La Suprema Corte, di conseguenza, alla luce delle considerazioni sin qui esposte, enunciava il seguente principio di diritto: “in tema di patrocinio a spese dello Stato, ove il giudice procedente, ai sensi dell’art. 79, comma 3, d.P.R. n. 115 del 2002 (T.U. delle disposizioni legislative e regolamentari delle spese di giustizia), richieda all’istante di produrre documentazione necessaria ad accertare la veridicità di quanto contenuto nella richiesta di ammissione, è consentito indicare un termine entro il quale adempiere, in mancanza del quale si determinerebbe una situazione di stallo, con protrazione sine die del procedimento”.
Conclusioni
La decisione in esame è assai interessante in quanto, con essa, la Cassazione afferma che, in tema di patrocinio a spese dello Stato, è consentito indicare un termine entro il quale adempiere ove si debba produrre documentazione necessaria ad accertare la veridicità di quanto contenuto nella richiesta di ammissione.
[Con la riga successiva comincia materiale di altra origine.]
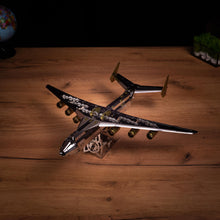 Lade das Bild in den Galerie-Viewer, FLUGZEUGMODELL AN-225 MRIYA - OFFIZIELLE EXKLUSIVE AUSGABE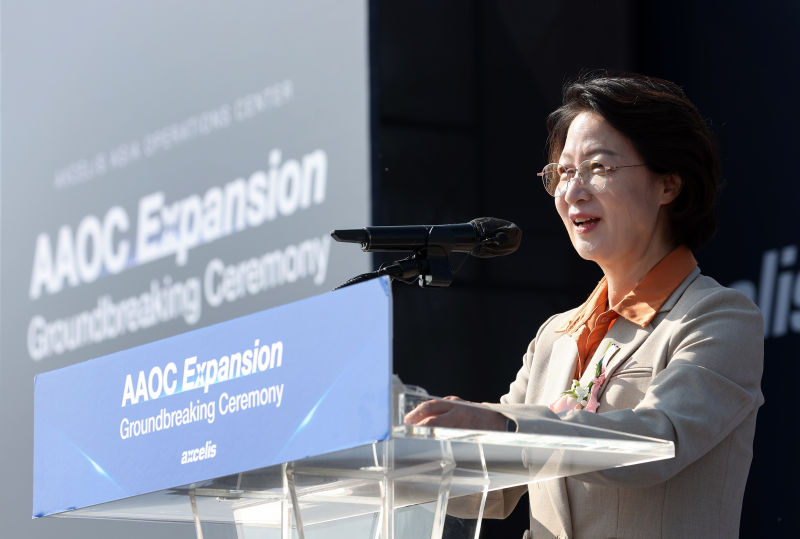 엑셀리스 아시아 거점센터(AAOC) 착공식에서 축사를 하고 있는 추미애 경기도지사./사진제공=경기도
Difatti, in tale pronuncia, è formulato il principio di diritto secondo il quale, in tema di patrocinio a spese dello Stato, ove il giudice procedente, ai sensi dell’art. 79, comma 3, d.P.R. n. 115 del 2002 (T.U. delle disposizioni legislative e regolamentari delle spese di giustizia), richieda all’istante di produrre documentazione necessaria ad accertare la veridicità di quanto contenuto nella richiesta di ammissione, è consentito indicare un termine entro il quale adempiere, in mancanza del quale si determinerebbe una situazione di stallo, con protrazione sine die del procedimento.
Dunque, alla stregua di siffatto approdo ermeneutico, ove il giudice procedente faccia una richiesta in tal senso, è sconsigliabile non attenersi al termine indicato da costui per produrre la documentazione richiesta, essendoci l’evidente rischio che, almeno alla luce di codesto orientamento nomofilattico, come nella fattispecie in esame, una istanza di ammissione al gratuito patrocinio possa essere dichiarata inammissibile.
Il giudizio in ordine a quanto statuito in cotale sentenza, dunque, proprio perché fa chiarezza su tale questione giuridica, non può che essere positivo.